What you should do :: Print, please, the line that contains "Video 147907801: milking" and each line after it to the end of the entries, unchanged and with nothing else.

Material provided ::

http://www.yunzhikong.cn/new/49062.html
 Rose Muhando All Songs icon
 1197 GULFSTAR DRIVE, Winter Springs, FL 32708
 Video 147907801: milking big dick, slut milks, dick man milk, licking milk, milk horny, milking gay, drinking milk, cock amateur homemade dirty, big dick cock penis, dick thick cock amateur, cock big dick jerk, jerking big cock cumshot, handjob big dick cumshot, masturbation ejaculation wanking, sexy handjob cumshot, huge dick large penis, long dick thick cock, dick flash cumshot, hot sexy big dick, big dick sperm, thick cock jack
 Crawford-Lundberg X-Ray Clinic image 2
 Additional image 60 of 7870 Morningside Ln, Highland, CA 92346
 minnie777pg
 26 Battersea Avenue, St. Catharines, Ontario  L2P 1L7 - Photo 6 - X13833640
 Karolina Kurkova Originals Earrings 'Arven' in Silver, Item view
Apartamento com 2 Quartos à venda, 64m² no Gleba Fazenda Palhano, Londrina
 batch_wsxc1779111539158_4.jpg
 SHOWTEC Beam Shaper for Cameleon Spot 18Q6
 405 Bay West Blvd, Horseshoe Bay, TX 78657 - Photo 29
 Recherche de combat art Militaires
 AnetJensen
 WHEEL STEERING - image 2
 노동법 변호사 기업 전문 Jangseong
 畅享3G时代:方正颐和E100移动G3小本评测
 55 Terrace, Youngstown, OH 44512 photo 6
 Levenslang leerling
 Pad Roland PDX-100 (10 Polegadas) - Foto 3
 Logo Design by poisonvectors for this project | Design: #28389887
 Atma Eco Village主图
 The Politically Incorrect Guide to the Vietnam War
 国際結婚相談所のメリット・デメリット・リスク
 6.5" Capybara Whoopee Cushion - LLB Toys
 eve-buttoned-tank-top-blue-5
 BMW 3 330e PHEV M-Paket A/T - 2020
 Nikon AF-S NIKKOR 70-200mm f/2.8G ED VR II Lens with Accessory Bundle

Reply ::
 Video 147907801: milking big dick, slut milks, dick man milk, licking milk, milk horny, milking gay, drinking milk, cock amateur homemade dirty, big dick cock penis, dick thick cock amateur, cock big dick jerk, jerking big cock cumshot, handjob big dick cumshot, masturbation ejaculation wanking, sexy handjob cumshot, huge dick large penis, long dick thick cock, dick flash cumshot, hot sexy big dick, big dick sperm, thick cock jack
 Crawford-Lundberg X-Ray Clinic image 2
 Additional image 60 of 7870 Morningside Ln, Highland, CA 92346
 minnie777pg
 26 Battersea Avenue, St. Catharines, Ontario  L2P 1L7 - Photo 6 - X13833640
 Karolina Kurkova Originals Earrings 'Arven' in Silver, Item view
Apartamento com 2 Quartos à venda, 64m² no Gleba Fazenda Palhano, Londrina
 batch_wsxc1779111539158_4.jpg
 SHOWTEC Beam Shaper for Cameleon Spot 18Q6
 405 Bay West Blvd, Horseshoe Bay, TX 78657 - Photo 29
 Recherche de combat art Militaires
 AnetJensen
 WHEEL STEERING - image 2
 노동법 변호사 기업 전문 Jangseong
 畅享3G时代:方正颐和E100移动G3小本评测
 55 Terrace, Youngstown, OH 44512 photo 6
 Levenslang leerling
 Pad Roland PDX-100 (10 Polegadas) - Foto 3
 Logo Design by poisonvectors for this project | Design: #28389887
 Atma Eco Village主图
 The Politically Incorrect Guide to the Vietnam War
 国際結婚相談所のメリット・デメリット・リスク
 6.5" Capybara Whoopee Cushion - LLB Toys
 eve-buttoned-tank-top-blue-5
 BMW 3 330e PHEV M-Paket A/T - 2020
 Nikon AF-S NIKKOR 70-200mm f/2.8G ED VR II Lens with Accessory Bundle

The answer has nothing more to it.